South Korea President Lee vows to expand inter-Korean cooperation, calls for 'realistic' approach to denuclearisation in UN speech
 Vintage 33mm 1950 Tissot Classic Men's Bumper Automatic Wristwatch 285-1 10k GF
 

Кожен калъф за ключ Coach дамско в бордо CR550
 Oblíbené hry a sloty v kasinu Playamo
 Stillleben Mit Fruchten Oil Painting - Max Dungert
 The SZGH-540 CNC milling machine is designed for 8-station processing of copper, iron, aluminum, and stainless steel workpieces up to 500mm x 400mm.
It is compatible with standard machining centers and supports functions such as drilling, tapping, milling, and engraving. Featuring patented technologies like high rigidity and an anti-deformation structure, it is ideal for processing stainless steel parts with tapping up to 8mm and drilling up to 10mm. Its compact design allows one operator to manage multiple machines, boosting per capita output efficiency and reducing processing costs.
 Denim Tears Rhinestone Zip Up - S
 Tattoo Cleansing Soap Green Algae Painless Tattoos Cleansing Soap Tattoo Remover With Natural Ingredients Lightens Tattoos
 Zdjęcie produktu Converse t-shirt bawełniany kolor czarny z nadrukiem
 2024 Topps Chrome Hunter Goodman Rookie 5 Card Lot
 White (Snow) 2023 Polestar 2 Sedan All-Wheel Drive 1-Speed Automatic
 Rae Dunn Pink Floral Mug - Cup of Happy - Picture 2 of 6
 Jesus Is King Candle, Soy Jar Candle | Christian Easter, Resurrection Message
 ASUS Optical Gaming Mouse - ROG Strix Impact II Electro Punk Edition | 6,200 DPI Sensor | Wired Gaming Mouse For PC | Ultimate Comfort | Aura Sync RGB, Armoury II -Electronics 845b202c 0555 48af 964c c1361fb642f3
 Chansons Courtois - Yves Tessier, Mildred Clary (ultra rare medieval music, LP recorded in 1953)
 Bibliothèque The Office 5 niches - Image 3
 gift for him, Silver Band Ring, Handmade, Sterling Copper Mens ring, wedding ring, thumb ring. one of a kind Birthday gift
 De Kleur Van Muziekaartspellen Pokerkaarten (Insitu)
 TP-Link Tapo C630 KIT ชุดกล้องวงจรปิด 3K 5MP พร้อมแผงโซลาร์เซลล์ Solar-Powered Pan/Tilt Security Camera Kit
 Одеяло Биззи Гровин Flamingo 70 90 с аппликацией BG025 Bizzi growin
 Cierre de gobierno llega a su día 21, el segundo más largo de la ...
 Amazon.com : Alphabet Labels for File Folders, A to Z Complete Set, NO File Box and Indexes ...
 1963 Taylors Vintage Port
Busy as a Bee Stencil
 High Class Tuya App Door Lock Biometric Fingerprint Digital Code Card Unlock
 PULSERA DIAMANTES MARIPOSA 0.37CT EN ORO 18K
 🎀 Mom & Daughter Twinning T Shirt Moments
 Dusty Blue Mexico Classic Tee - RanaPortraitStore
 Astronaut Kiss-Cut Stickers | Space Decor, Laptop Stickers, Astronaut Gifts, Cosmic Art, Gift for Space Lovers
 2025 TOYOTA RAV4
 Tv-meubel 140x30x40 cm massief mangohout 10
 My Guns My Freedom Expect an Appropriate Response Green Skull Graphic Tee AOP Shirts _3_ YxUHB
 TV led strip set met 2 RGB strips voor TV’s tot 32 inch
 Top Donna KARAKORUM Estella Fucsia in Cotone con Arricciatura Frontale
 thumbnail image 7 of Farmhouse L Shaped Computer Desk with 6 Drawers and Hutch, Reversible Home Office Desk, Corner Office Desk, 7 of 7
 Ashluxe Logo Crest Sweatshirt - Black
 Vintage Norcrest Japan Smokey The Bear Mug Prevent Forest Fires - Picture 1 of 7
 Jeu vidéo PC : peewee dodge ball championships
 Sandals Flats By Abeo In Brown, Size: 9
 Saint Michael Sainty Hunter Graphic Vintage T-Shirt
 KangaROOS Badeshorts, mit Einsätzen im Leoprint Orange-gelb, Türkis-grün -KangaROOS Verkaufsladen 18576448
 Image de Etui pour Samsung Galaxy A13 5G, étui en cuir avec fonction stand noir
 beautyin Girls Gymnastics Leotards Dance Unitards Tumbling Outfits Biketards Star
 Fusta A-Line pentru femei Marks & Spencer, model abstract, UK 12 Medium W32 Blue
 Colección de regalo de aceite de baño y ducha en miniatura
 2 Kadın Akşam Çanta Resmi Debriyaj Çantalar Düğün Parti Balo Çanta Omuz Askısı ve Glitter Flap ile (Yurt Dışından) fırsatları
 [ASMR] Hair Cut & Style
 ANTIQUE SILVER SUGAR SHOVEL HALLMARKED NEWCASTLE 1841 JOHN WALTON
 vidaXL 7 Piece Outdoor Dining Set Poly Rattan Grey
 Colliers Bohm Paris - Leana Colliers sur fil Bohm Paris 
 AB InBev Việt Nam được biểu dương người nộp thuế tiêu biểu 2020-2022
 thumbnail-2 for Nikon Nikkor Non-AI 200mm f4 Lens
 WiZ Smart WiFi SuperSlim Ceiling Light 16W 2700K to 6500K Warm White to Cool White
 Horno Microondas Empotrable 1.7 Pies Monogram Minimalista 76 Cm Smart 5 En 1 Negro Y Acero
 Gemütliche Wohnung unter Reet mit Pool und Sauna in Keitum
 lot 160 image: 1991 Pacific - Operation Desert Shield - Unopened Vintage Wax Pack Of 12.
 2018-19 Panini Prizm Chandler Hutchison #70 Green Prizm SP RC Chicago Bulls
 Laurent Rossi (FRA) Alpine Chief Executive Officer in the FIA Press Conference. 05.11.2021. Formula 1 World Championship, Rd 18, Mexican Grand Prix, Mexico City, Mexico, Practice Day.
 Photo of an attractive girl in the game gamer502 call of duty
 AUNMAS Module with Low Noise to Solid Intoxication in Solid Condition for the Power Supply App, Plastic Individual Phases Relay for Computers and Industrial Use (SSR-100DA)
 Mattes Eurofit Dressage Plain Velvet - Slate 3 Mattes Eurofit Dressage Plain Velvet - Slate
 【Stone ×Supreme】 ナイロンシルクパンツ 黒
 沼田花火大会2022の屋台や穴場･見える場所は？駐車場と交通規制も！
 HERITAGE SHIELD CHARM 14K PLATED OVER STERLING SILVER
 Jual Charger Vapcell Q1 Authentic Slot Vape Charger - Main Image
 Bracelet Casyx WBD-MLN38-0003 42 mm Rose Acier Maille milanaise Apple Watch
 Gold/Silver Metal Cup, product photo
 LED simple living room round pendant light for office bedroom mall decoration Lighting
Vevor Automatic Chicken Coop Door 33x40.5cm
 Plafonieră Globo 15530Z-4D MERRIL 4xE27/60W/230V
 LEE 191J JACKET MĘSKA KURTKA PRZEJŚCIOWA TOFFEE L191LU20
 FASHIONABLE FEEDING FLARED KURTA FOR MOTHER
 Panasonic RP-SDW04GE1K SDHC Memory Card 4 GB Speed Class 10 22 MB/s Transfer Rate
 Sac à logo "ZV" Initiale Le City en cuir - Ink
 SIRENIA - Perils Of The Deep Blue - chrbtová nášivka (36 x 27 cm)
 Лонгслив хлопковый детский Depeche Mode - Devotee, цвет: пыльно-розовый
========================
## Exercise instructions
State how many lines in the records above contain the word "Graphic". Write the number alone.

## Task answer
2